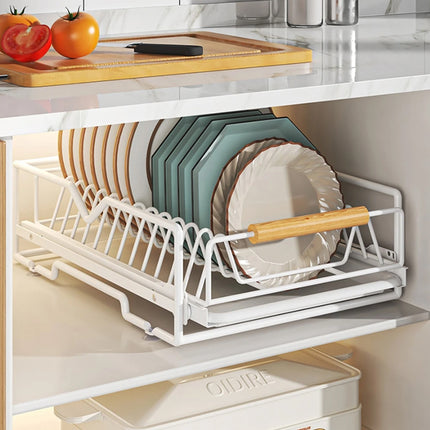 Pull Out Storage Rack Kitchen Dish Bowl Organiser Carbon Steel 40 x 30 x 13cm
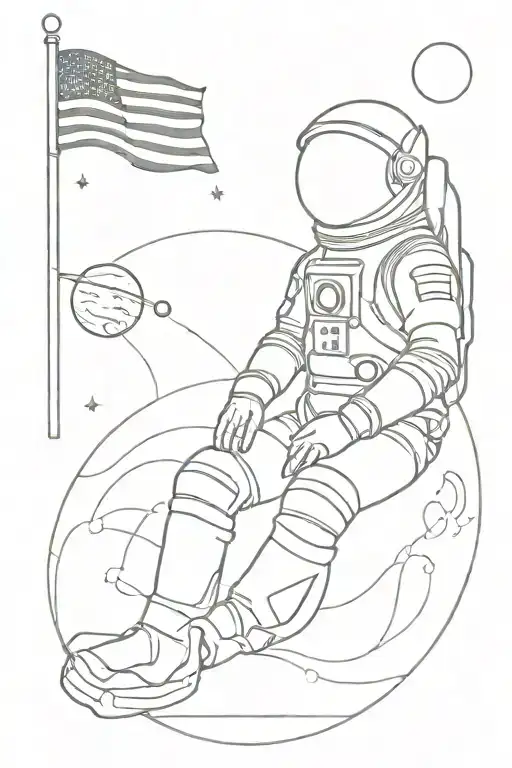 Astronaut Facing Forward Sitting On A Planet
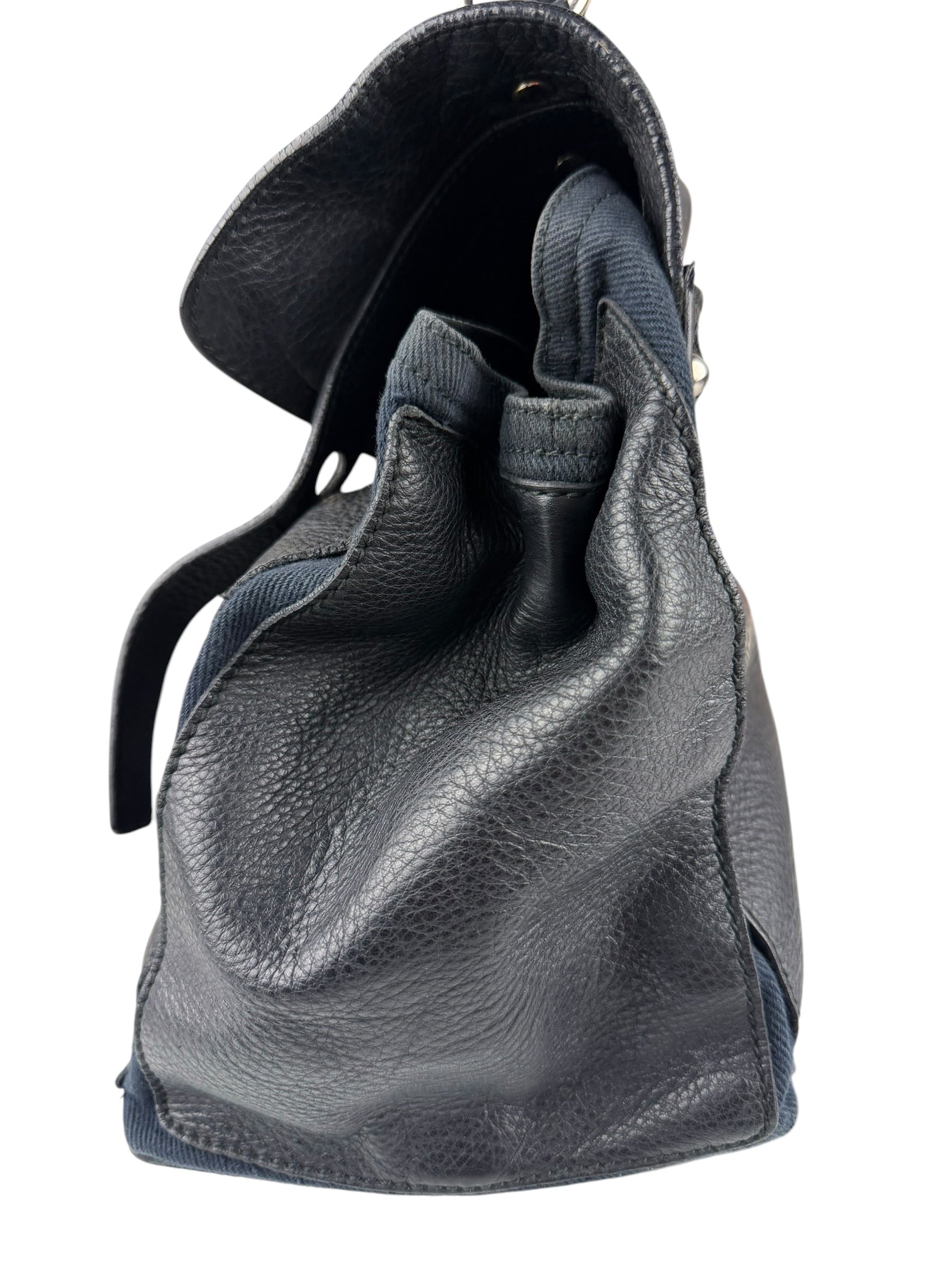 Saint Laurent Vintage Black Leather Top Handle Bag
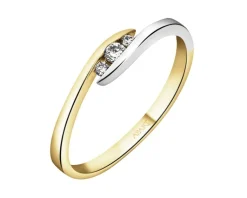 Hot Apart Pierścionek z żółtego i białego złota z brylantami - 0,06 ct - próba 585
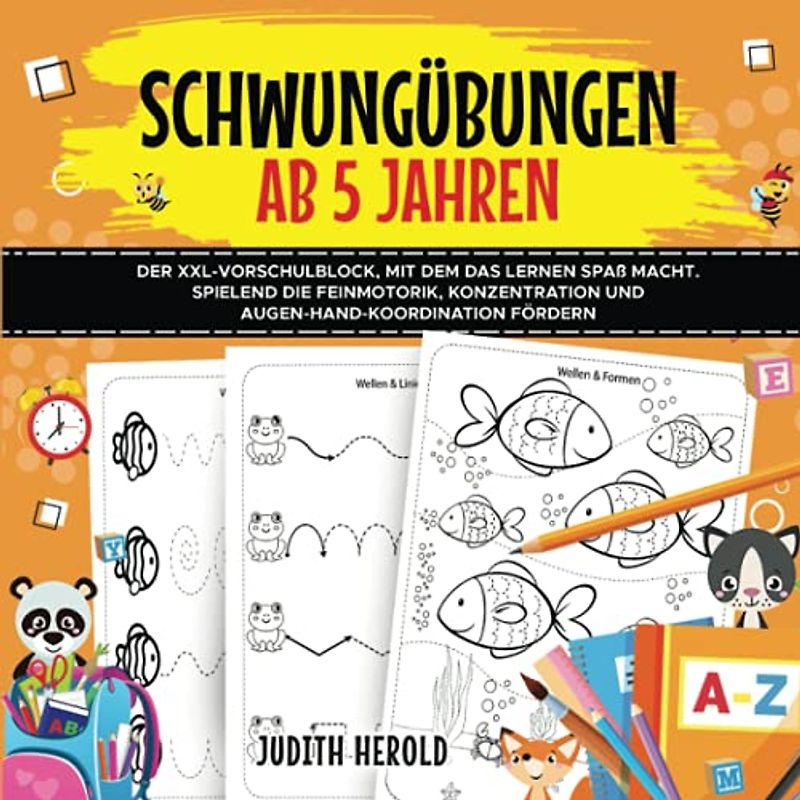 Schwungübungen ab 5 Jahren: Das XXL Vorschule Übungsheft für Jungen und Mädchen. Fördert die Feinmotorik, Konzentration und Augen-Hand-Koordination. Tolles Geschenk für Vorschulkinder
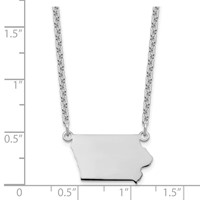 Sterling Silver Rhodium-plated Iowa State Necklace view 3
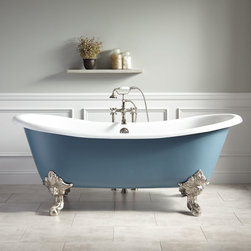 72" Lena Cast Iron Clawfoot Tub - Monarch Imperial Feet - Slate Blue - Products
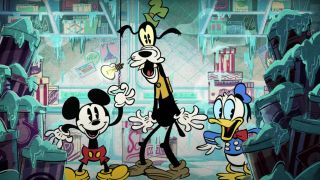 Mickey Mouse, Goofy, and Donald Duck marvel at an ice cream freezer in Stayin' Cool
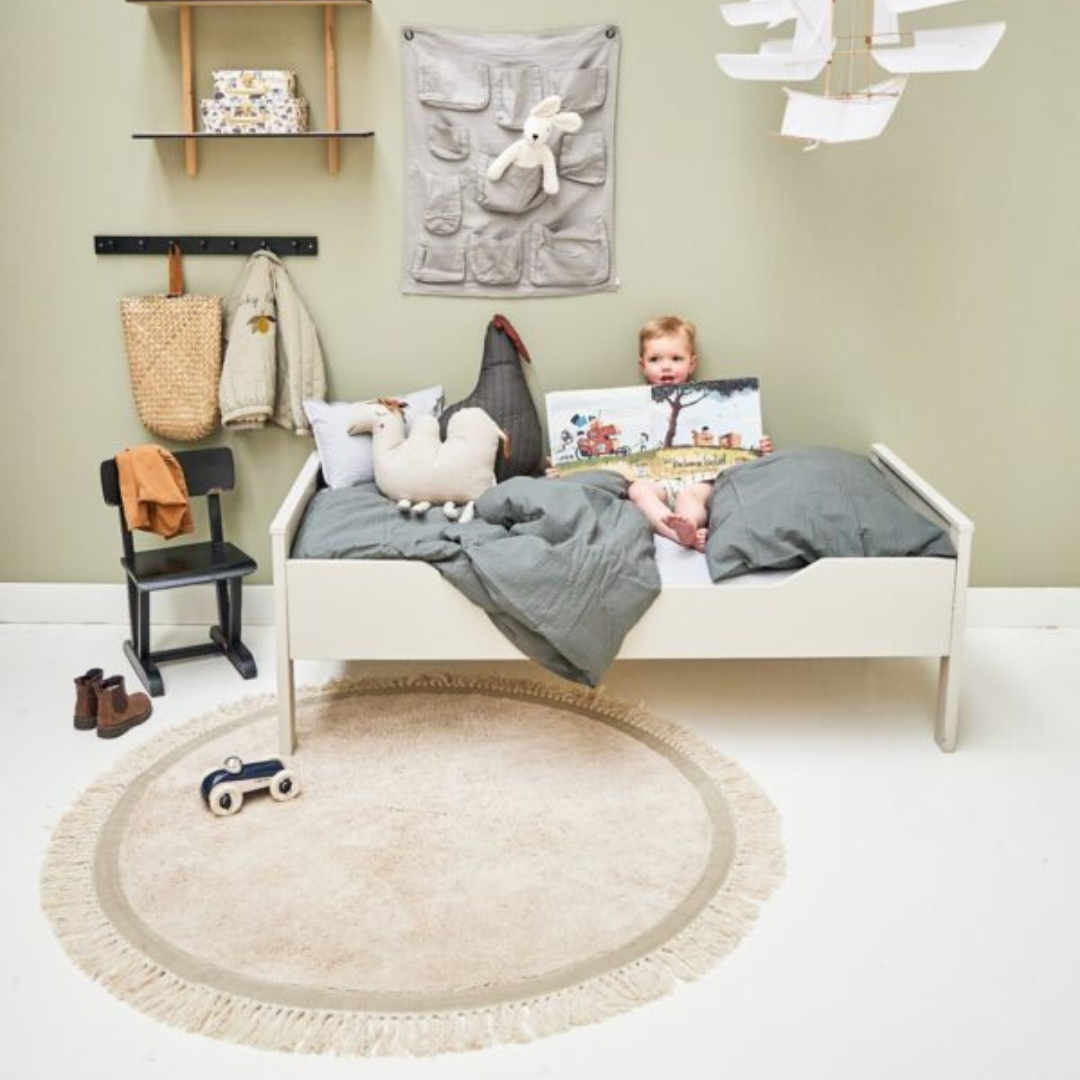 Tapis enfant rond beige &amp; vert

* [Task to complete] Copy only the part of the records that runs from the first line to the line with "Hot Apart Pierścionek", ends included, leaving pictures out.

* [Solution for this exercise]
 Pull Out Storage Rack Kitchen Dish Bowl Organiser Carbon Steel 40 x 30 x 13cm
 Astronaut Facing Forward Sitting On A Planet
 Saint Laurent Vintage Black Leather Top Handle Bag
 Hot Apart Pierścionek z żółtego i białego złota z brylantami - 0,06 ct - próba 585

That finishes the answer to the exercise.